The Guardian quickly demonstrated that it had a different approach than a lot of the "New Left" — particularly when it came to electoral politics. At a time when some were saying that it made no difference whether Ronald Reagan or Pat Brown won the 1966 governor's race, the Guardian made the key point about Reagan.
"California cannot afford the luxury of this kind of conservatism," a Nov. 7, 1966 editorial stated. "Because of the millions of people coming to California, because San Francisco and Los Angeles soon will have the greatest concentration of urban power in history, because farm land and open space is vanishing at a suicidal rate, because technology is putting vast populations out of work, because of the social neglect of our cities and the uglification of our countryside, because we now have the knowledge to bridge the gap between the rich and the poor."

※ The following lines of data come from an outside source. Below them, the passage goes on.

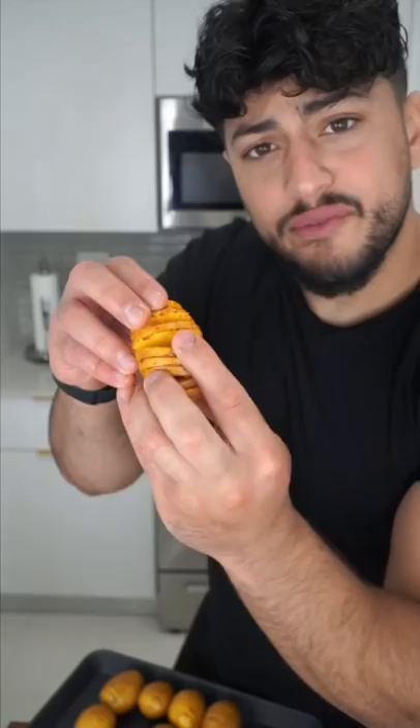Lather them with olive oil. Generously season them — every crevice of each potato. Get in there and don't be shy.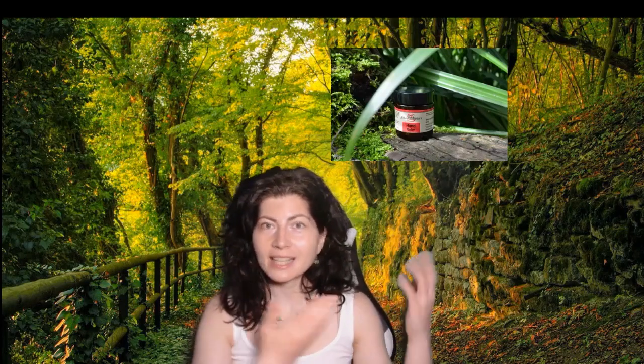Hello everyone, Etiana here, founder and owner of Shana Metix. Welcome to my channel. In today's video, I'm going to show you how to use Shana Metix Hand Balm.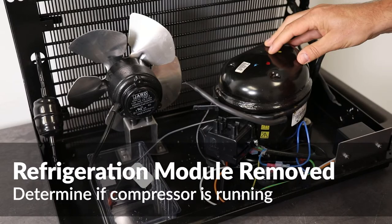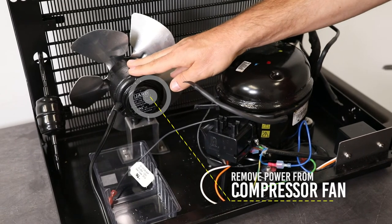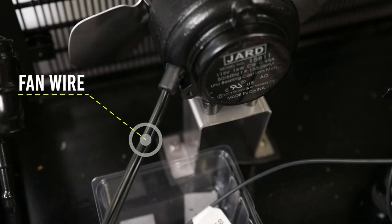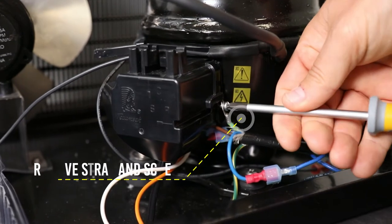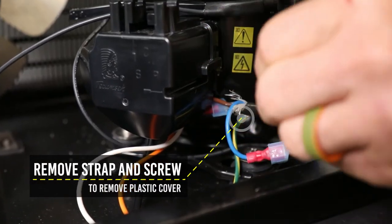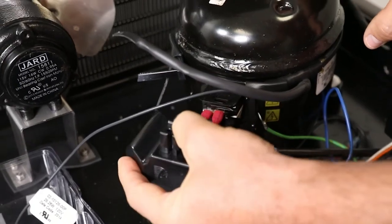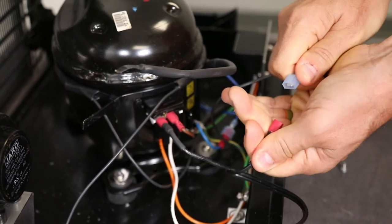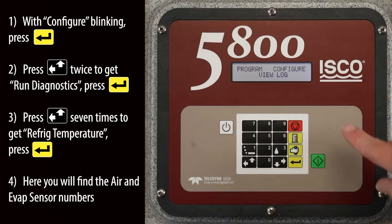In order to verify if the compressor is actually running, the compressor fan power must be removed to be able to sense the small amount of vibration coming from a running compressor. Locate the compressor fan power harness and follow it back to the compressor side cover. Remove the grounding strap and screw from the side of the compressor wiring cover. Press the locking tab and pull to remove the electrical connection cover on the side of the compressor. Locate and disconnect the fan wire going to the compressor relay box. Reapply power to the 5800 and enter the refrigeration diagnostics menu.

And while the paper devoted considerable space to reporting on and opposing the war in Vietnam, it was also developing a reputation for local investigative reporting. One June 7, 1971 story showed how the city had all of its short-term deposits in local banks that paid no interest at all. The story parked an investigation by the city's budget analyst, the resignation of the city treasurer — and a new investment policy that brought the city at least $1 million more revenue a year. (Adjusted for inflation, that's about $5 million a year, times 40 years is a lot of money that the Guardian brought into the city coffers).
And from the start, the Guardian was a nonpartisan, independent foe of corruption, secrecy and undue influence at City Hall. So while the paper eagerly endorsed Phil Burton (and later his brother, John) for Congress and lauded their antiwar and environmental policies, the Guardian also blasted the Burtons for exercising undue influence back home. The paper strongly endorsed George Moscone for mayor — then denounced him when he fired Harvey Milk from a commission post after Milk had the gall to challenge the Moscone/Burton candidate for state Assembly.
The 1999 Sunshine Ordinance, which dramatically opened up City Hall records, was sponsored and promoted by the Guardian. Willie Brown and his cronies hated it.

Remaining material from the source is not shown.